And in terms of melodies look how long and varied were the melodies of the songbook, while they weren't never a big concern for progressive rock bands. Since we're mentioning Carmichael: tell me any melody that has a lenght and it's as elaborate and at the same time memorable as those (both in the verse and in the chorus) of Stardust in prog music. Or the chromatic one on All through the night of Cole Porter. Or outside the states, the long melodies written by Pixinguinha (like Rosa). Or look at the harmony on Ill Wind of Harold Arlen.
Or the harmony in a song like Noturno em tempo de samba, a song written by Custodio Mesquita in 1937






Prog music sure used a lot weird time signatures and polyrhythms and sometimes atonality too (especially bands like Henry Cow or others RIO bands) but my impression is that often they didn't know what to do with those things and it doesn't sound fully realized. Don't get me wrong, I like a lot of prog and it produced very good music at its best and a lot of fascinating stuff even when not at its best. But many times I feel like they just wanted to do complex things without having a clear direction.
On the other hand the great american songbook was about songs, so there wasn't a focus on making experimental or dissonant stuff for the sake of the experiment, but that doesn't mean that that stuff is simple to make just because it's catchy. 
They were sometimes classical composers (like Vernon Duke) with a deep knowledge of harmony, but they used a particular harmonic, rhytmic or melodic effect having always a sense of the whole piece, instead of having the idea of trying a lot of different experimental things in the same piece and put everything together. 
The rhythm on Puttin' on the Ritz for instance is more interesting for me than all the time signatures used by Egg on the Polite force. And onestly I don't remember any PFM music being that sophisticated in terms of harmony, they were quite melodic and close to folk for the stuff of them I know.
To me in terms of harmony the most advanced things in popular music in the second half of the century (besides jazz) to me are those of brazilian songwriters (who were in many ways looking back at the GAS), like Toninho Horta, Guinga, Carlos Lyra, Djavan, Ivan Lins, Jobim, Johnny Alf etc. Some Steely Dan, some Stevie Wonder (like Too High), some Brian Wilson and Frank Zappa.


----------



## Bwv 1080 (Dec 31, 2018)

And are odd time signatures really more complex or sophisticated than the syncopations in jazz and latin based popular music? Counting 5/4 is easier than, say, a son clave

Check this out, this was mainstream popular music in the 40s


----------



## Phil loves classical (Feb 8, 2017)

I don't hear any counterpoint in the Hoagy Charmichael's Stardust. It sounds like one melody to some chords, still a great song regardless. But show me something like this. i can agree some avant garde jazz like Dolphy did have more lines, but it was more improvisational and less organized than this.


----------



## Bwv 1080 (Dec 31, 2018)

Phil loves classical said:


> I don't hear any counterpoint in the Hoagy Charmichael's Stardust. It sounds like one melody to some chords, still a great song regardless. But show me something like this. i can agree some avant garde jazz like Dolphy did have more lines, but it was more improvisational and less organized than this.

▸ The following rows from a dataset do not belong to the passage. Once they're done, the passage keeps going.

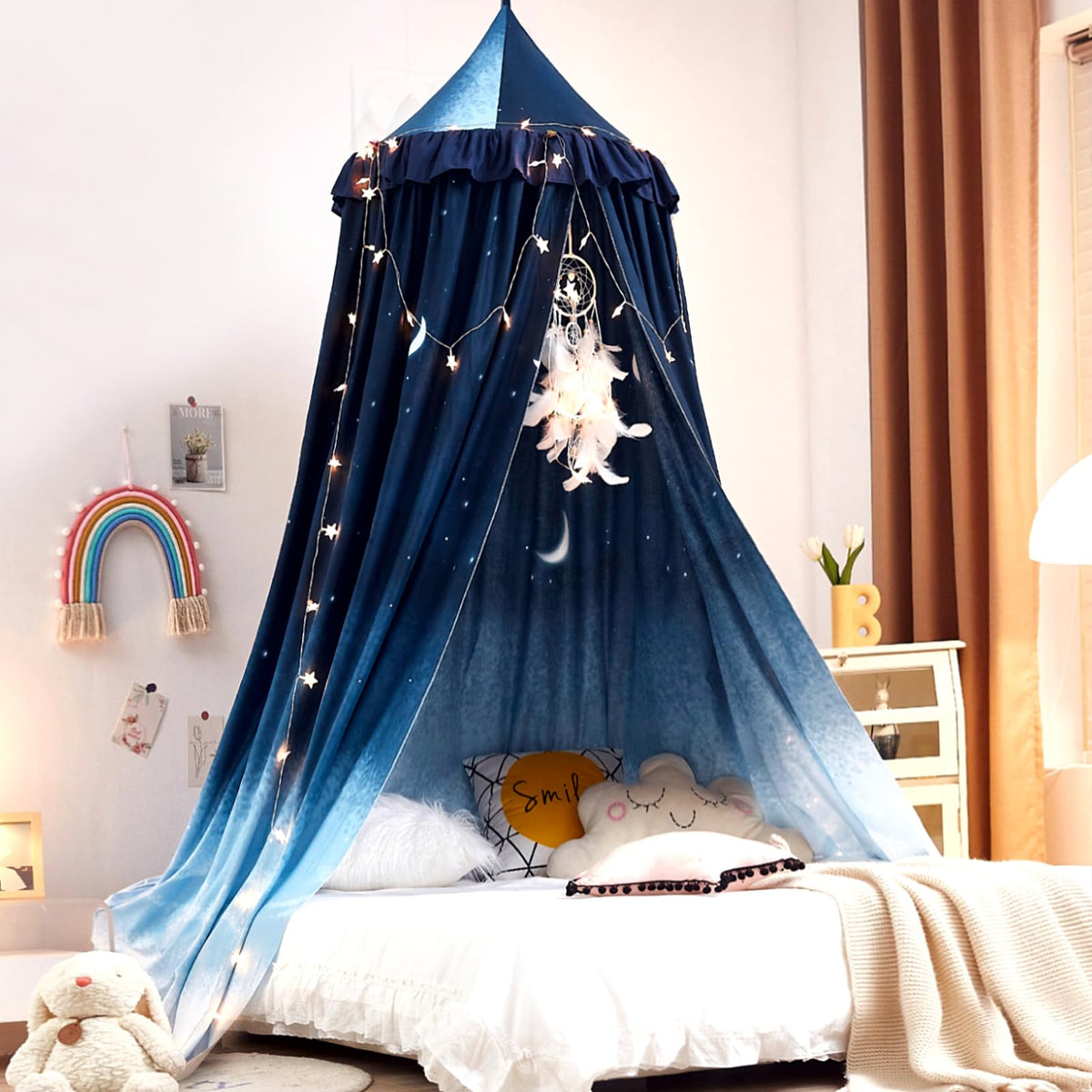 Kertnic Decor Canopy For Kids Bed, Soft Smooth Playing Tent Canopy Girls Room Decoration Princess Castle, Dreamy Mosquito Net Be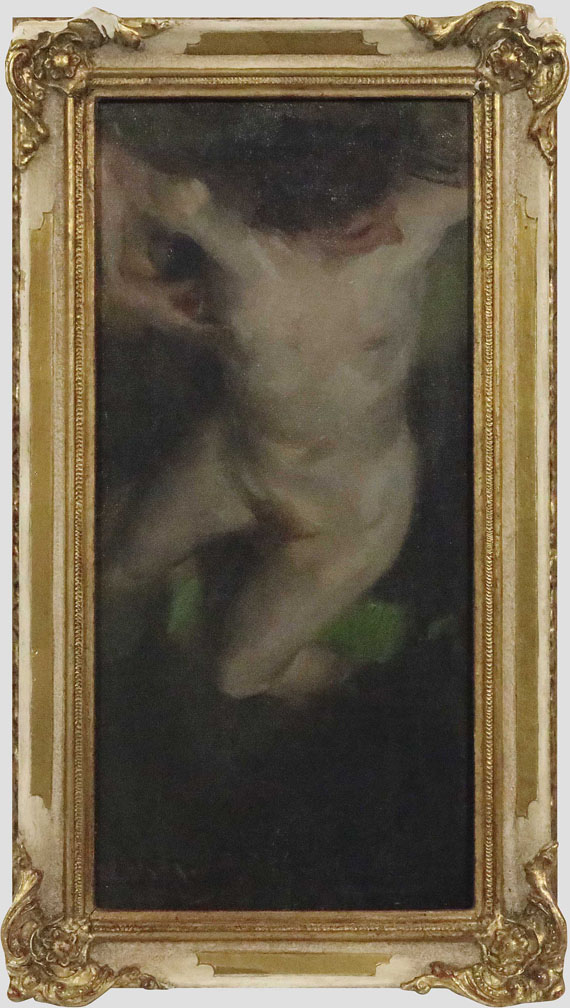 Carl von Marr - Liegender weiblicher Akt mit grünem Tuch - Rahmenbild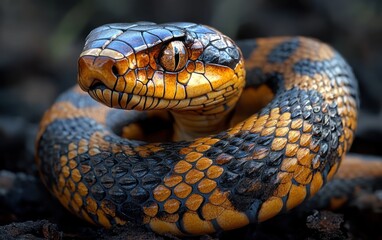 Fototapeta premium Hyper-realistic 3D rendering of Albino King Cobra Snake isolated on black background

Plenty of counterpoint in these arrangements


----------



## norman bates (Aug 18, 2010)

Phil loves classical said:


> I don't hear any counterpoint in the Hoagy Charmichael's Stardust. It sounds like one melody to some chords,


which it is (I mentioned Stardust for the melody). But counterpoint isn't the only way to make sophisticated things with harmony. There's a lot of non functional harmony with extended chords that is sophisticated even without having many lines together. There's Bach and there's Ravel if I can put it this way.


----------



## BabyGiraffe (Feb 24, 2017)

youngcapone said:


> I guess my question is, do modern producers look to advance harmony/melody techniques or is more time spent on developing sounds or maybe something else?


Many pop music producers are self-taught, so they have limited understanding of "advanced" music theory techniques, but... have good idea about what Western public wants to hear (which is not complexity in melody, harmony or counterpoint - the last one is a sure a way to empty the dancefloor and music is mostly about dancing these days.)
(I think most work done these days is by mixing engineers who have to create nice sounding media, given simplistic pieces, performed in a mechanical fashion. And its their job to apply effects like pitch correction and reverbration - for example old time producers would have just recorded in a big hall with natural echo.)

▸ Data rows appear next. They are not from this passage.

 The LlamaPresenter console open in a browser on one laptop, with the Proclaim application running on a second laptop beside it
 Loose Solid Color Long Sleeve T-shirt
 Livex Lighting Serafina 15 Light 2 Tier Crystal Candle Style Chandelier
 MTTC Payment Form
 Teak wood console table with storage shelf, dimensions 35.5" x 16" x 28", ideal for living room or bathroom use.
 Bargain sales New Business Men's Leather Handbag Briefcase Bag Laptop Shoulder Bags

Look into Japanese popular music, if you are looking for more compositional sophistication.


----------



## norman bates (Aug 18, 2010)

BabyGiraffe said:


> Many pop music producers are self-taught, so they have limited understanding of "advanced" music theory techniques, but... have good idea about what Western public wants to hear (which is not complexity in melody, harmony or counterpoint - the last one is a sure a way to empty the dancefloor and music is mostly about dancing these days.)

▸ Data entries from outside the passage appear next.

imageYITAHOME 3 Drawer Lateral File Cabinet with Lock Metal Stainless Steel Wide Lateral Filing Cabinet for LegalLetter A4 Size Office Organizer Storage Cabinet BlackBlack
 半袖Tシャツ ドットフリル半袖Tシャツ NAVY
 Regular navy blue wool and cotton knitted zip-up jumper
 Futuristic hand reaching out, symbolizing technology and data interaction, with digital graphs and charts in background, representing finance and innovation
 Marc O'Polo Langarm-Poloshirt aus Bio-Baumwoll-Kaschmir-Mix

Is it really like that though?
I mean, people in the past have been into sophisticated music. There's been a period when classical composers where successful. There's been a period where jazz musicians were successful. Even in pop music there were guys like Jobim, and bossa nova was considered very light music to the point of being used as elevator music and in commercial while being sophisticated music harmonically.
I think it's a bit like a snake biting its tail: at some point certain producers decided that simple music was what people wanted to hear, and people hearing just that and nothing else become used to it and felt that something different or more complex was strange and uncool. 
I'm someone who has developed through the years a huge appreciation for harmony, and I remember that at first (I started listening music with some quite bad pop music) when I casually listened to something harmonically sophisticated I had exactly that kind of reaction. Like something unnecessarily complex and with a sort of weird aural effect.
Frank Zappa said it perfectly:


----------



## apricissimus (May 15, 2013)

norman bates said:


> Is it really like that though?
> I mean, people in the past have been into sophisticated music. There's been a period when classical composers where successful. There's been a period where jazz musicians were successful. Even in pop music there were guys like Jobim, and bossa nova was considered very light music to the point of being used as elevator music and in commercial while being sophisticated music harmonically.
> I think it's a bit like a snake biting its tail: at some point certain producers decided that simple music was what people wanted to hear, and people hearing just that and nothing else become used to it and felt that something different or more complex was strange and uncool.
> I'm someone who has developed through the years a huge appreciation for harmony, and I remember that at first (I started listening music with some quite bad pop music) when I casually listened to something harmonically sophisticated I had exactly that kind of reaction. Like something unnecessarily complex and with a sort of weird aural effect.
> Frank Zappa said it perfectly:


Could it be that music doesn't have to be melodically or harmonically complex to be sophisticated?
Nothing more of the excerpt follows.